Find_in_batches + query_cache = bloat

We’ve been using find_in_batches to reduce memory usage, and recently
noticed one of our more intensive background processes had a huge
memory footprint (600mb+) and was getting killed by our memory
monitor. We were unable to reproduce this in development, and after
investigation, the culprit is query_cache. Wrapping the task in
ActiveRecord::Base#uncached kept the task stable (~200mb), and it’s
not hard to imagine why. Looping over thousands of items while eager
loading many more likely grows the cache to huge amounts, which seems
counter to the use case for find_in_batches.
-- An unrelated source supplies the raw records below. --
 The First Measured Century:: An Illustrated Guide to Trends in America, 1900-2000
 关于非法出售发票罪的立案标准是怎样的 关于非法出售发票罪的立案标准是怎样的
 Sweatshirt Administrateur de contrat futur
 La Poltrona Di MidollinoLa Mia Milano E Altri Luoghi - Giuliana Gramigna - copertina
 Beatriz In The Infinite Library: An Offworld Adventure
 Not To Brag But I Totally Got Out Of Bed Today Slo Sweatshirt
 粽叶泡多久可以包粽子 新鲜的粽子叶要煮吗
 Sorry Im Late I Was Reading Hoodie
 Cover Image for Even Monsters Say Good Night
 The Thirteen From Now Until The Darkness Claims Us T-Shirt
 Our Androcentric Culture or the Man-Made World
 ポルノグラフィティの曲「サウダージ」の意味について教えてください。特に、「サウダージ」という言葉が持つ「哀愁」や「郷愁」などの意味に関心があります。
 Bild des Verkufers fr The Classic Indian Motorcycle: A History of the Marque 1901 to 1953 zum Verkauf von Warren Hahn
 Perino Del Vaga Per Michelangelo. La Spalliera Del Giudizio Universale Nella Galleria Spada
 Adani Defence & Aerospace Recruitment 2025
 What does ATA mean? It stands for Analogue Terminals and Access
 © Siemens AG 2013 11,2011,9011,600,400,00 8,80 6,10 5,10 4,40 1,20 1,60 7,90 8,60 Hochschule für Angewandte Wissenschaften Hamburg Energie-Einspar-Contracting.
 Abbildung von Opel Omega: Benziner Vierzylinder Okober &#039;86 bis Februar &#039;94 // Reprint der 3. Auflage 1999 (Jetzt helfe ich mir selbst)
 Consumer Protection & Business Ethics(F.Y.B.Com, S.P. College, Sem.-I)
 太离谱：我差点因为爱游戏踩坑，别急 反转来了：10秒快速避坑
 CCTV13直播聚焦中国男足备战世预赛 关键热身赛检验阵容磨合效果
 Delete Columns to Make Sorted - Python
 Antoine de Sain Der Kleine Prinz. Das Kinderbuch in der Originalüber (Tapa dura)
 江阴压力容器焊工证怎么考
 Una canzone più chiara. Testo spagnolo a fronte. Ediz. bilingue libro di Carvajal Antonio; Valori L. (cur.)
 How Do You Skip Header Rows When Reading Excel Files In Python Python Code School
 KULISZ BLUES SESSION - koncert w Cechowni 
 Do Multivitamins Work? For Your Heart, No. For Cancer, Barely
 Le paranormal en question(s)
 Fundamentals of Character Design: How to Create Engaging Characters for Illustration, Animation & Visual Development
So first of all, this is an FYI. Beyond that, all the ways in which we
use find_in_batches would be aversely affected by the query_cache;
sure, it might make a query faster, but it definitely will grow in
memory, as you are expected to use it across thousands of records.
Given that find_in_batches’ use case is to reduce memory when
searching across thousands of records, should it not be default
behavior to disable query cache for find_in_batches operations?

On Dec 30, 11:00pm, Woody P. [email protected] wrote:

We’ve been using find_in_batches to reduce memory usage, and recently
noticed one of our more intensive background processes had a huge
memory footprint (600mb+) and was getting killed by our memory
monitor. We were unable to reproduce this in development, and after
investigation, the culprit is query_cache. Wrapping the task in
ActiveRecord::Base#uncached kept the task stable (~200mb), and it’s
not hard to imagine why. Looping over thousands of items while eager
loading many more likely grows the cache to huge amounts, which seems
counter to the use case for find_in_batches.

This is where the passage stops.